What is Minimum Variance Portfolio?

Definition: A minimum variance portfolio is an investment portfolio that seeks to minimize the level of risk that the holder is exposed to. It does this by allocating sums to different financial securities and assets, which, when taken together, reduce the volatility of the portfolio.

What does Minimum Variance Portfolio mean?

A common investment objective is to maximize returns while keeping risk to a minimum. But that’s hard to achieve because, as a general rule, the investments that offer the chance of a higher return also carry a greater degree of risk.

A minimum variance portfolio offers a solution. It consists of different investments, which do not react in the same manner to external market developments.

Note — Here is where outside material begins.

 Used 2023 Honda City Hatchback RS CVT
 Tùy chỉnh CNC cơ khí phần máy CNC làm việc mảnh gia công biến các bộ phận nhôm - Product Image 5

How does that work? Say, you hold a portfolio of ten different stocks – Apple, Facebook, Netflix, Google, Amazon, NVIDIA, Microsoft, IBM, Alibaba, and Tesla. While it is true that you have diversified your portfolio, you could make large losses if the tech sector trends downwards. That’s because each of the companies that you have selected operates in the field of technology.

A better approach could be to invest in a minimum variance portfolio. This type of portfolio would be one, which, when considered in totality, exhibits a lower degree of volatility than each of its individual components.

Volatility refers to the change in prices of a financial security in response to various factors. A highly volatile stock can offer greater returns, but holding it could lead to bigger losses as well. So, instead of buying only tech stocks, it may be better to invest in a minimum variance portfolio that holds the shares of companies from different sectors.

A portfolio that includes banks, insurance firms, and car manufacturing companies in addition to tech stocks may provide relatively high returns while keeping the level of risk to a minimum.

Example of Minimum Variance Portfolio

Karl Schneider is an individual investor with a well-diversified stock portfolio. He holds shares in tech firms, banks and financial institutions, and traditional manufacturing companies as well. But he knows that if the stock market crashes, it could have a negative effect on all his stock holdings.

His financial advisor recommends that a certain part of the portfolio, say 5% to 10%, should be used to invest in gold. This advice is based on the following factors:

  • Gold prices don’t move in tandem with stock prices. In fact, when the stock market crashes, gold valuations can rise. This can insulate Mr. Schneider’s portfolio from losses.
  • At times of political and economic uncertainty, gold is seen as a safe haven asset. Stock prices can decline when the global economy slows. When this happens, investors flock to gold leading to an increase in valuations for the precious metal.

These two components (stocks and gold) can help Mr. Schneider construct a minimum variance portfolio. This has the potential to provide higher returns while controlling the level of risk.


A minimum variance portfolio contains assets that could be considered to be individually risky, but when taken together, they help to minimize the exposure to risk.